Özçelik İş Sendikası’nın 15. Olağan Genel Kurulu yapıldı, bitti.
Yunus Değirmenci, Recep Akyel karşısında 15 oy farkla ipi göğüsledi ve bir dönem daha genel başkanlığa ‘merhaba’ dedi.
Öyle oldu,
Böyle oldu,
30 Yıl aradan sonra Özçelik İş Sendikası Genel Başkanlık yarışı iki kişi arasında geçti.
Ve günün sonunda kazanan Yunus Değirmenci oldu.
Peki, bundan sonra Özçelik İş Sendikasını neler bekliyor?
Recep Akyel, Genel Başkan Adaylığını ilk açıkladığında sendikanın 12 mevcut şubesinden 5’tanesi Akyel’in yanında olduklarını açıkça deklare etmişlerdi.
İstanbul’da Anadolu ile Avrupa Havacılık Şubeleri, Bursa, Sakarya ve Karabük Şubeleri sonuna kadar Akyel’in yanında yer almışlardı.
260 üst kurul delegesinin bu beş şube 102 delegesine sahipti ve Akyel ilk turda 120 oy, 117 oy ise ikinci turda almıştı.
Yanında olan şubelerin sahip olduğu delegelerden daha fazla oy aldı.

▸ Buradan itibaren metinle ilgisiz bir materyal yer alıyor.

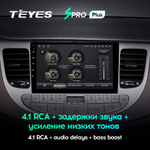 Teyes SPRO Plus 9" для Hyundai Rohens Genesis 2008-2013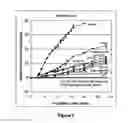 Fig. 06 - Methods for inhibiting fungal pathogen infestation and propogation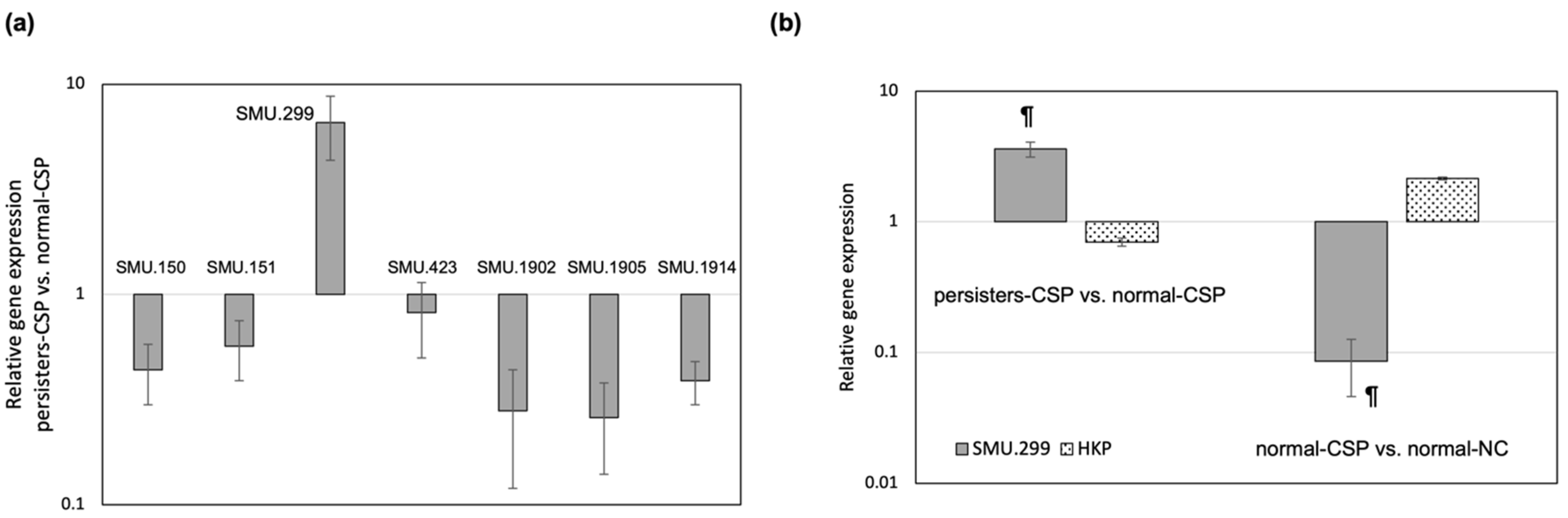 Genes 13 01434 g001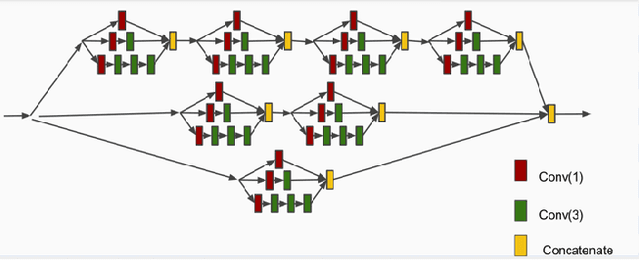 Figure 3 for MUFold-SS: Protein Secondary Structure Prediction Using Deep Inception-Inside-Inception Networks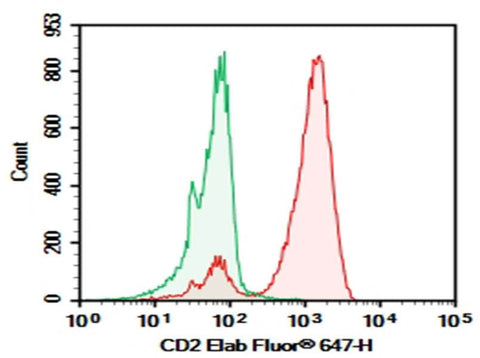 Human peripheral blood lymphocytes cell were stained with 0.2 μg Purified Anti-Human CD2 Antibody[HIT11] (Right) and 0.2 μg Mouse IgG1, κ Isotype Control (Left), followed by Elab Fluor<sup>®</sup> 647-conjugated Goat Anti-Mouse IgG Secondary Antibody.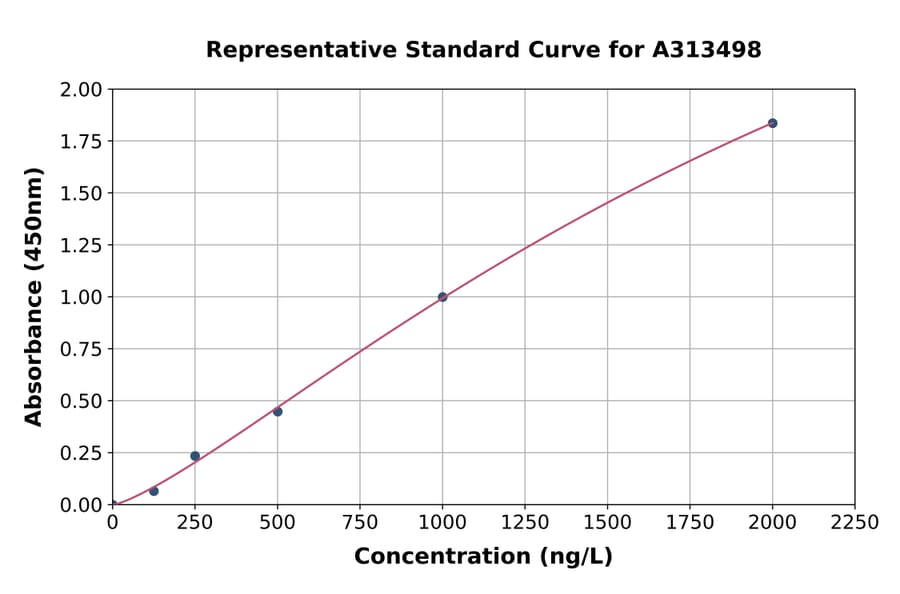 Standard Curve - Mouse TXNIP ELISA Kit (A313498) - Antibodies.com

Genel Başkan Değirmenci’nin sendikanın tüm imkânlarını sonuna kadar kullanmasına rağmen, Akyel 15 oy daha az aldı.
Yani 8 oy daha almış olsaydı, Akyel ipi göğüsleyecekti.
Bu kongre tablosundan şimdi çıkarılması gereken pek çok sonuç var.
Ve özellikle Yunus Değirmenci şimdi ne yapacak?
Akyel’in yanında yer alıp ta sonuna kadar kendisine karşı mücadele eden bu beş şubeye saldıracak mı?
Yoksa 17 Temmuz tarihinin öncesini silip, bütünleşme için bu beş şube ile uyumu yakalamaya mı çalışacak?
Yasa ve tüzük gereği seçilen şube başkanları ve yönetim kurulu üyelerini görevden alamıyor.
Ancak kendileri istifa etmek zorunda.
Önceki dönemde olduğu gibi herkesin istifa dilekçesi artık Değirmenci’nin cebinde de değil.
Genel Başkan Değirmenci’nin önünde iki yol var.
Ya bu beş şubeyi tasfiye etmek için her türlü saldıracak,
Ya da her şeyi arkada bırakıp, tam bir uyum içinde çalışmak için karar alacak.
Fakat bu beş şubeden birine yaptırım olsa, birinden değil, beşinden ses geleceği kesin.
Yunus Değirmenci bu sendikayı ya ortadan ikiye karpuz gibi bölecek,
Ya da bütünleştirecek.
Karar onun.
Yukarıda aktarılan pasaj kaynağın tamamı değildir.